Only the lines from the one containing "Dormer Shed 14x28 - Image 2" to the end of the data should be copied, exactly and without pictures.

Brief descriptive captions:
⁂
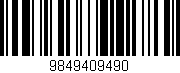 Código de barras (EAN, GTIN, SKU, ISBN): '9849409490'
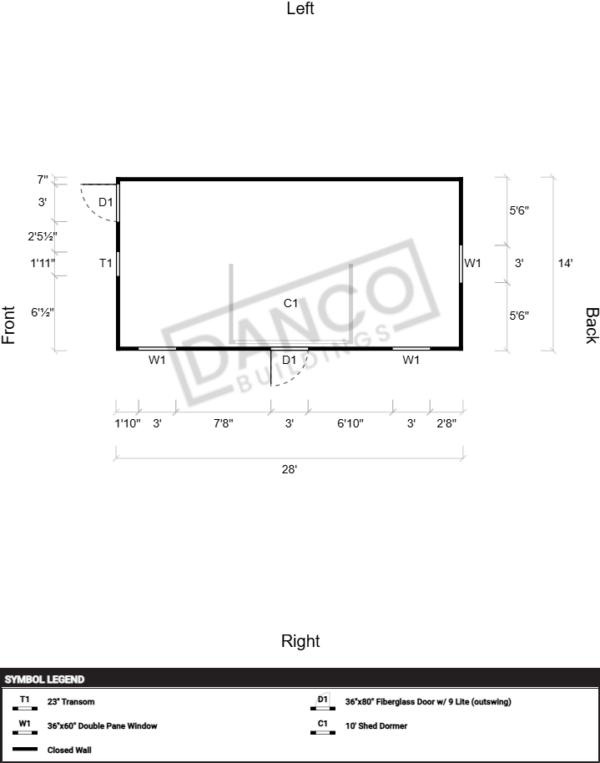 Dormer Shed 14x28 - Image 2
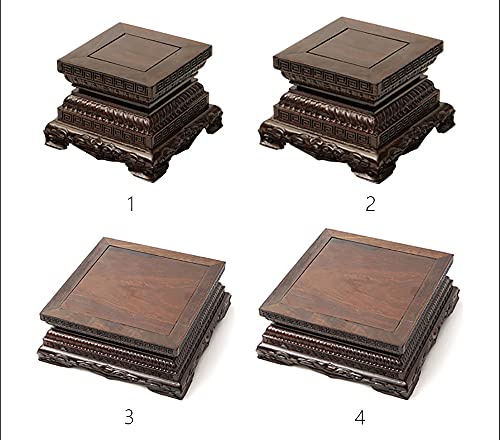 Base de Madera Ébano para Estatua de Buda 6.7x6.7x3.1 in miniatura 6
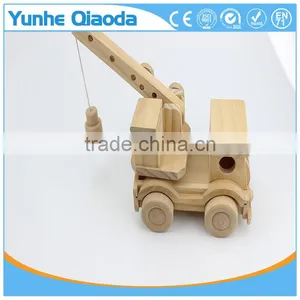 Puzzles Big Crane Car 3D Woodcraft Kit Assemble Paint DIY Toys for Kids Adults the Best Birthday Gift thumbnail-1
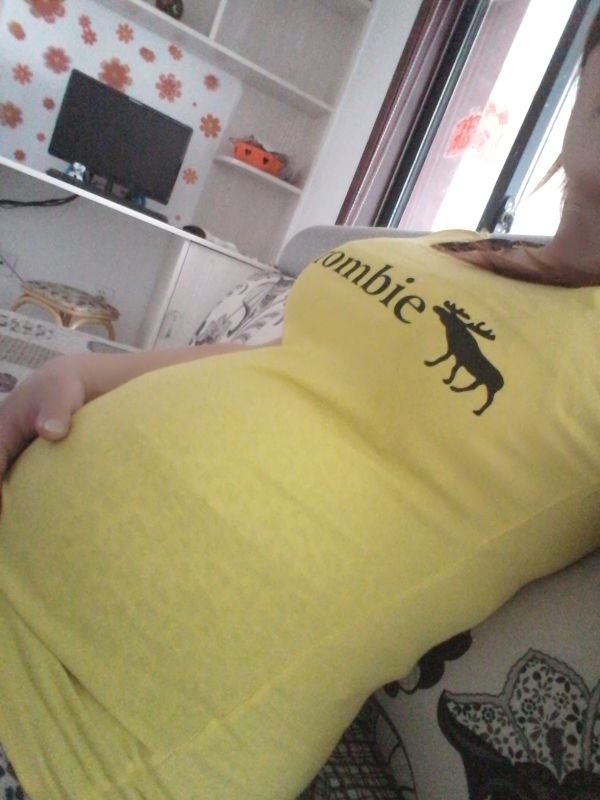 怀孕十八周了,肚子大还是小,看图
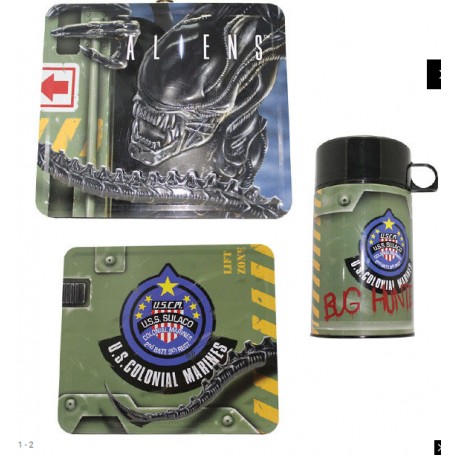 Alien Set, sandwich maker, water bottle thermos Marines Colonial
⁂
> _ANSWER_
 Dormer Shed 14x28 - Image 2
 Base de Madera Ébano para Estatua de Buda 6.7x6.7x3.1 in miniatura 6
 Puzzles Big Crane Car 3D Woodcraft Kit Assemble Paint DIY Toys for Kids Adults the Best Birthday Gift thumbnail-1
 怀孕十八周了,肚子大还是小,看图
 Alien Set, sandwich maker, water bottle thermos Marines Colonial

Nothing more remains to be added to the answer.